Ketua Umum DPP Realestat Indonesia (REI), Joko Suranto berpendapat bahwa perdebatan terkait iuran Tapera ini membuktikan bahwa masalah di sektor perumahan cukup kompleks termasuk soal pembiayaannya. Maka dari itu, penyelesaian masalah perumahan rakyat tidak bisa lagi diatasi dengan setengah hati, tetapi harus menyeluruh termasuk secara kelembagaan. Tanpa institusi yang kuat, maka sulit diharapkan adanya regulasi yang baik termasuk kebijakan pembiayaan.
"Saat ini kita dihadapkan kepada angka backlog (kekurangan pasokan) perumahan hingga 12,7 juta dan angka itu dipastikan bertambah setiap tahunnya. Kita juga dituntut untuk terus memikirkan darimana sumber anggaran perumahan, karena APBN sangat limitatif. Lalu, seperti apa institusi (kelembagaan) yang mengurusi masalah di sektor perumahan ini?," kata Joko dalam keterangannya, dikutip Sabtu (8/6/2024).
SCROLL TO CONTINUE WITH CONTENT
Menurutnya, rencana pemberlakuan iuran Tapera sebenarnya merupakan upaya pemerintah untuk mengatasi backlog perumahan. Pemerintah ingin penyediaan perumahan dapat dipercepat dan terjangkau oleh masyarakat. Bila kemudian direspons beragam termasuk adanya penolakan dari masyarakat, Joko menilai hal itu disebabkan oleh tiga faktor yakni adanya distrust (ketidakpercayaan), historikal (sejarah dari pengalaman sebelumnya), serta minimnya sosialisasi kepada masyarakat.
"Jadi harus ada upaya dari pemerintah untuk mengelola isu-isu tersebut sebagai wujud transparansi," ungkap Joko.

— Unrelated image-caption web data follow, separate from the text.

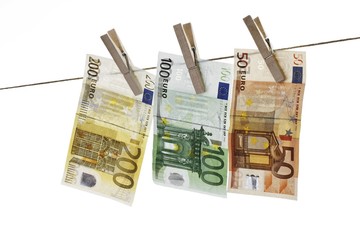 Euro banknotes on a clothesline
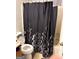 Bathroom featuring a toilet and shower with black and white curtain at 3464 Kingswood Trl, Decatur, GA 30034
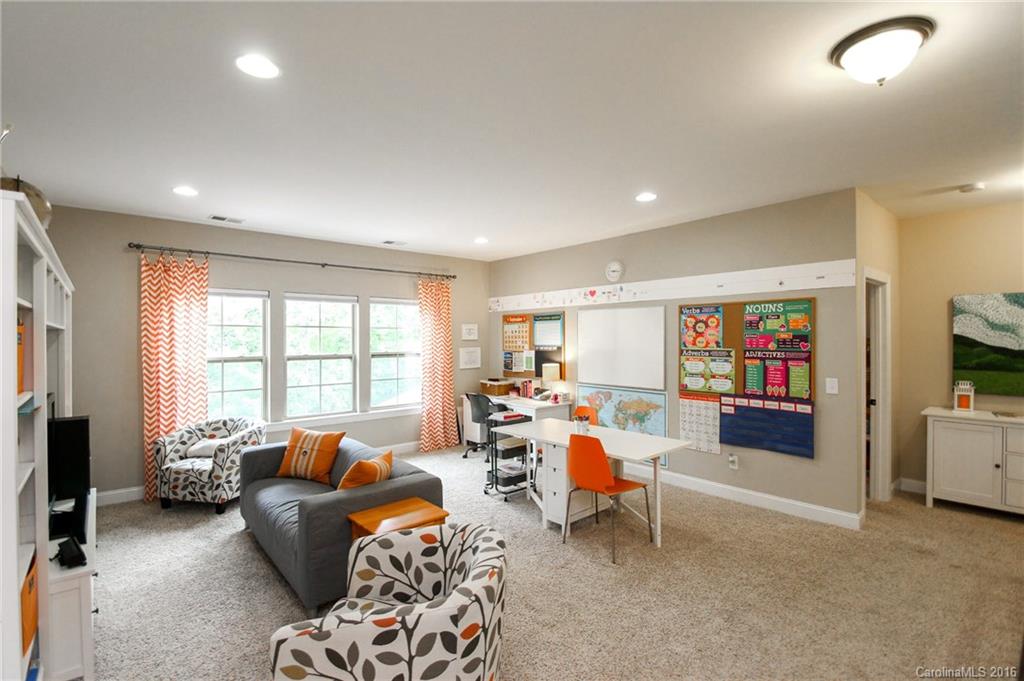 662 Reliance Court, Unit 13 Tega Cay, SC 29708 - Photo 19 of 24 a living room with furniture and a flat screen tv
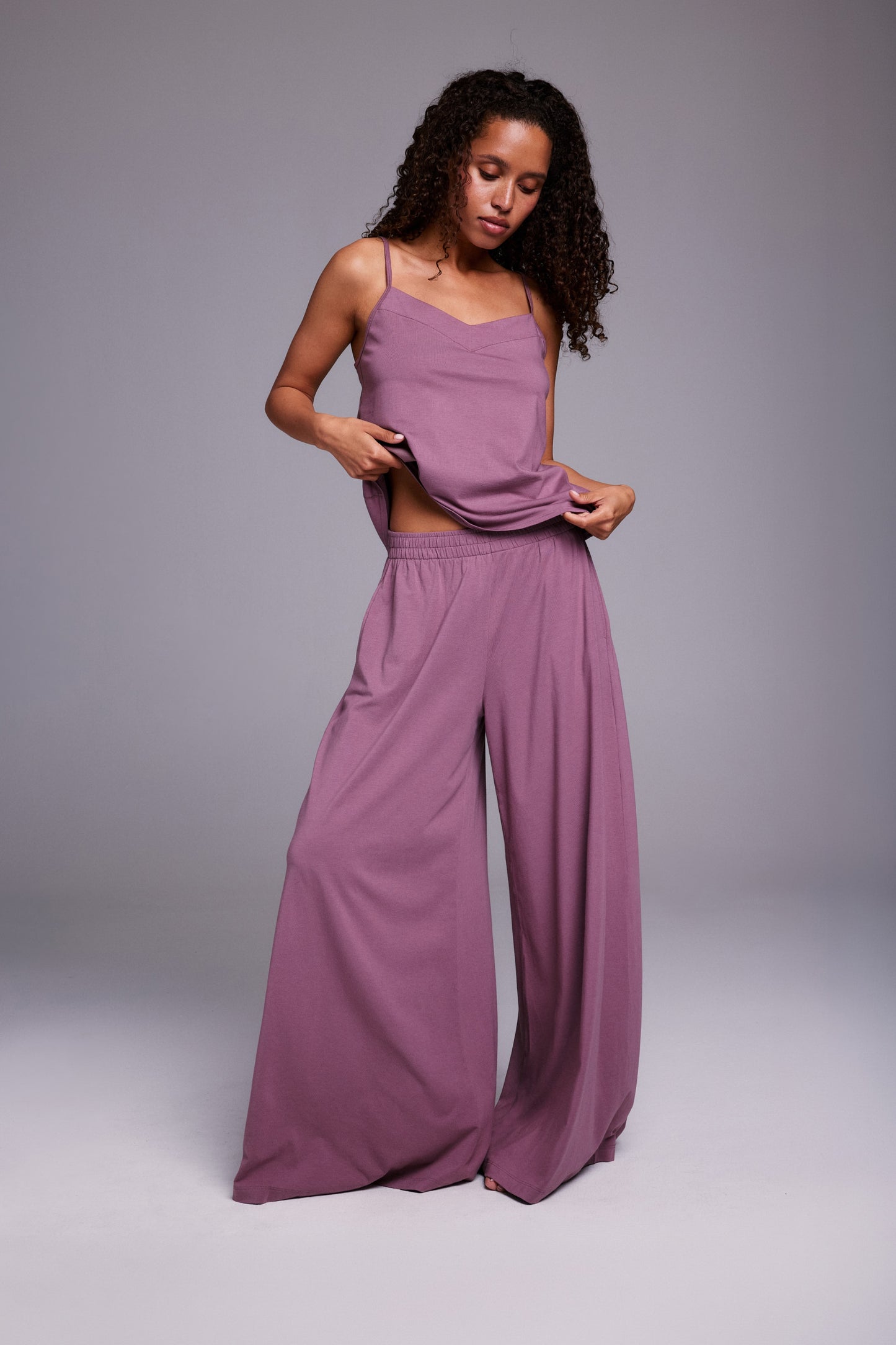 In a studio setting, Courtney wears a matching lounge set in Mirage, lifting the hem of a soft V-neck tank with thin straps to show the lightweight, breathable fabric and relaxed fit of the wide-leg pants.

Di tengah penolakan masyarakat terhadap iuran Tapera dan belum berjalannya program tersebut, REI menegaskan bahwa pembiayaan perumahan harus tetap terjaga agar hak masyarakat untuk memiliki hunian yang layak dapat terwujud dan backlog perumahan dapat dituntaskan. Salah satunya dengan memberdayakan dana-dana masyarakat yang telah ada (berjalan) seperti dana pensiun, dana asuransi, dana jaminan sosial tenaga kerja, serta jika memungkinkan termasuk dana pengelolaan keuangan haji.
Menurut Joko, dana-dana tersebut bisa digunakan tetapi tidak dalam posisi investasi langsung (direct investment) namun digunakan sebagai dana pendampingan. Nantinya, pemerintah dapat menerbitkan payung hukum berupa keputusan presiden, peraturan presiden atau peraturan pemerintah yang mengatur agar terhadap dana-dana tersebut minimal 5% harus ditempatkan sebagai dana pendampingan untuk memperkuat program pembiayaan perumahan.

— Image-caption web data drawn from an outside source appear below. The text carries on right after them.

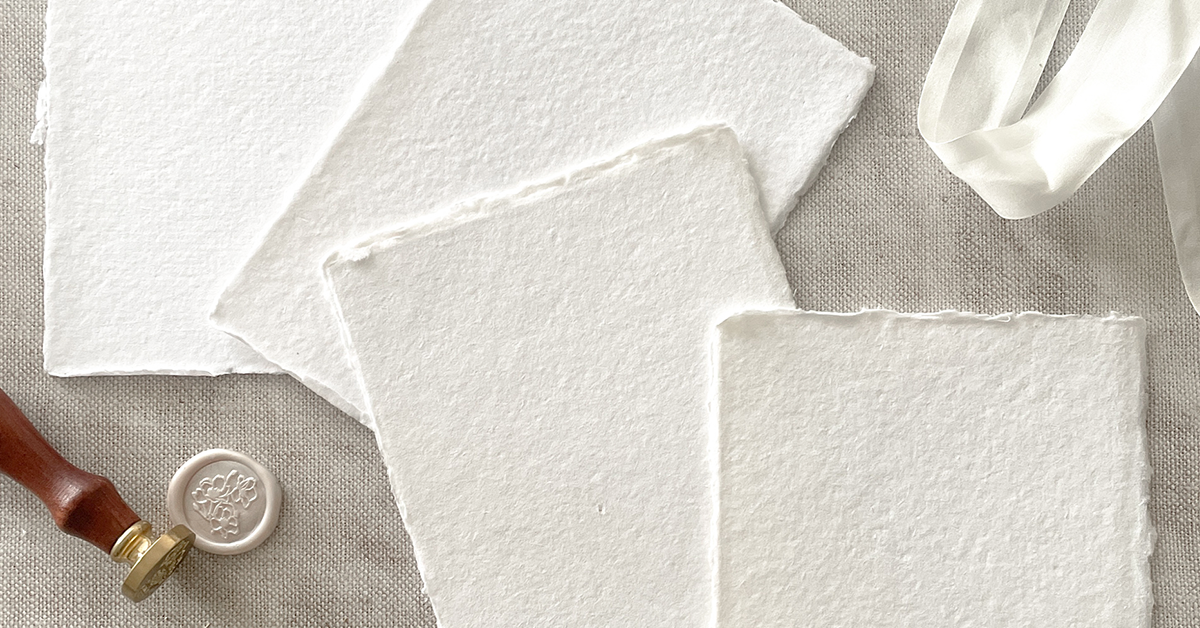 premium-white-recycled-handmade-paper-and-card-in-white.png?v=1721921783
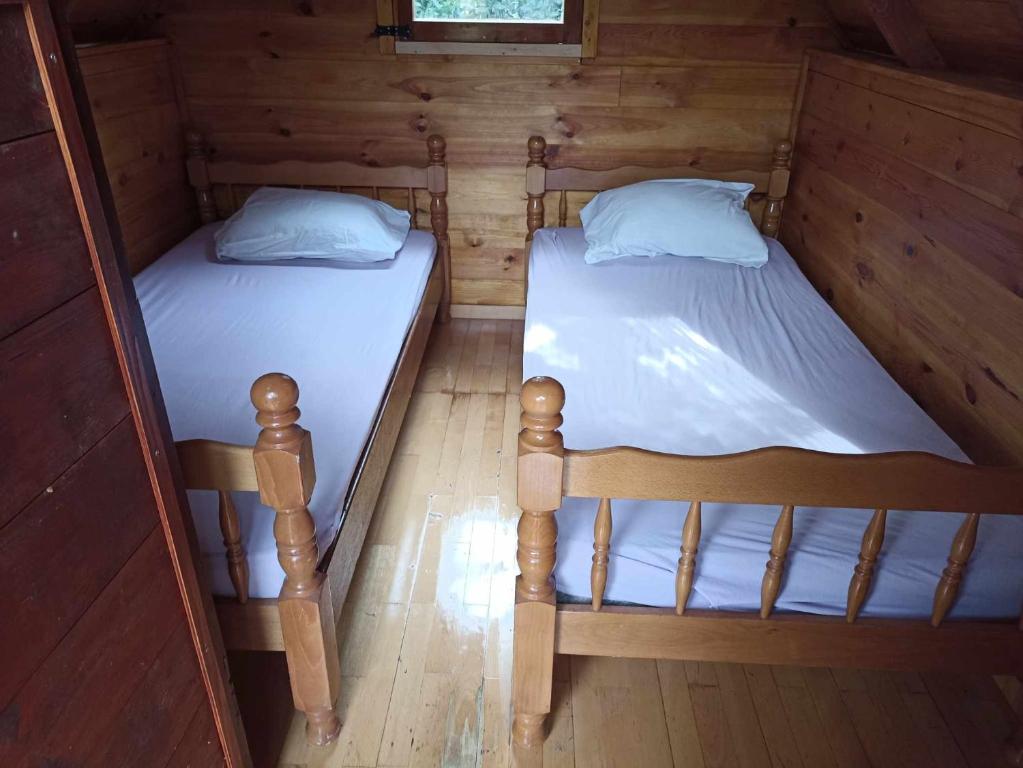 赫爾採格諾維的住宿－Kamp Seosko domaćinstvo Radman - Bungalov，小屋设有2张单人床和木墙
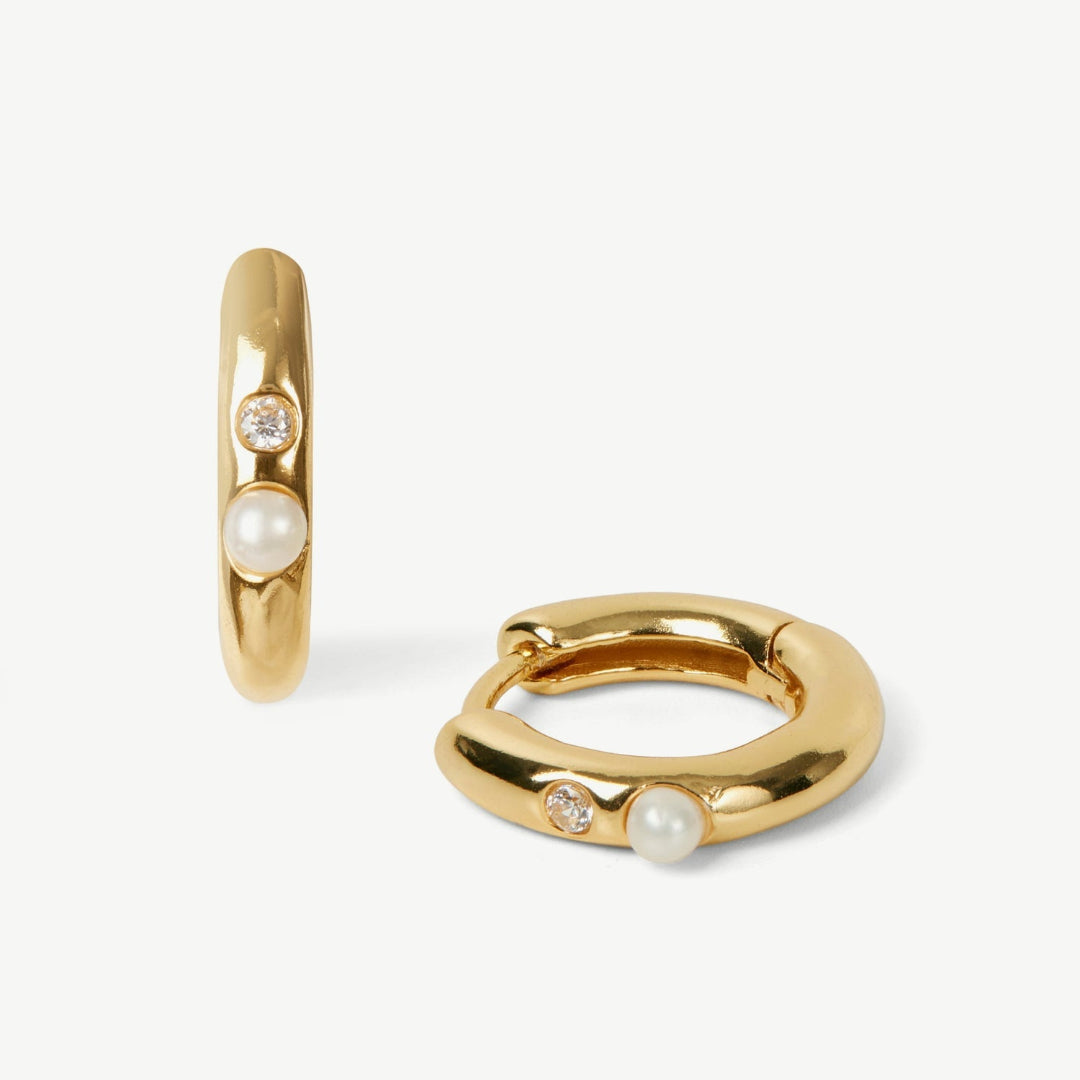 Gold hoop earrings with pearls on a white background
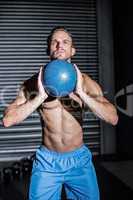 Muscular man doing ball exercise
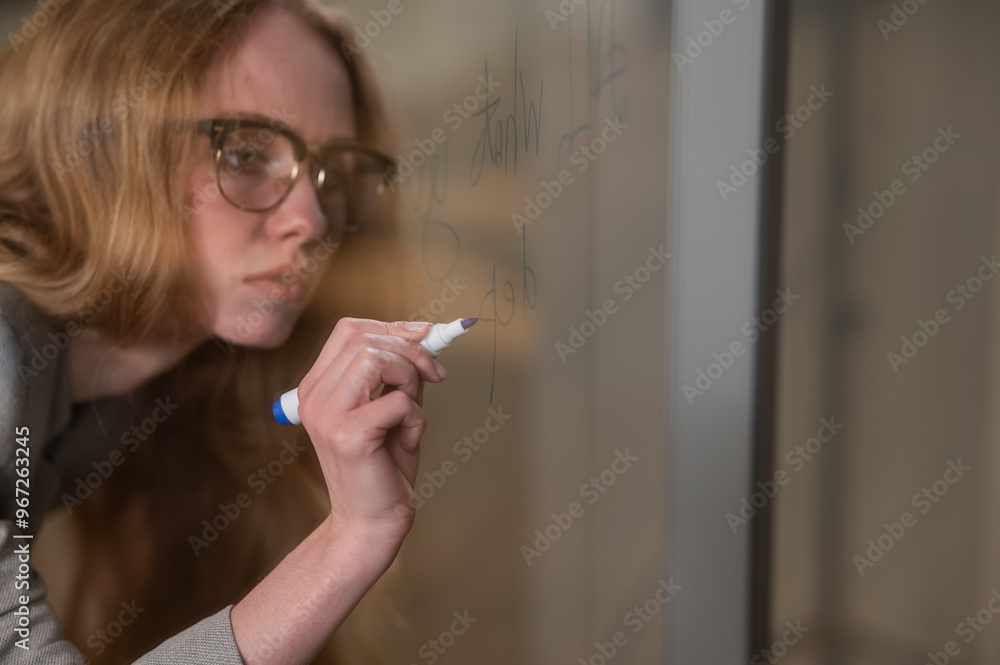 Caucasian woman with glasses writes text in English on a glass wall. Caucasian woman with glasses writes text in English on a glass wall.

Lebih lanjut, Joko menjelaskan bahwa dana pendampingan ini bisa ditempatkan di bank yang telah diikat komitmen atau penugasan dari pemerintah untuk mendukung program pembiayaan perumahan. Namun dengan catatan tingkat suku bunganya sekitar 3%, sehingga bank dapat memberikan bunga kredit pemilikan rumah (KPR) yang terjangkau maksimal 6% untuk pembiayaan rumah di atas MBR (masyarakat berpenghasilan rendah) atau sampai dengan harga Rp 500 juta. Pasalnya, ceruk pasar di segmen ini cukup signifikan mencapai 35%.
"Harus ada titik tengah (bunga dana pendampingan) sebagai patokan sehingga dana yang dipakai untuk pembiayaan perumahan bisa berbiaya rendah dan terjangkau masyarakat," pungkas Joko.
Joko menilai langkah mendorong pemanfaatan dana-dana masyarakat yang sudah tersedia untuk dana pendampingan perumahan bisa menjadi upaya transformasi (perubahan) program pembiayaan perumahan sebelum tercapainya pertumbuhan pembiayaan lewat APBN maupun Tapera.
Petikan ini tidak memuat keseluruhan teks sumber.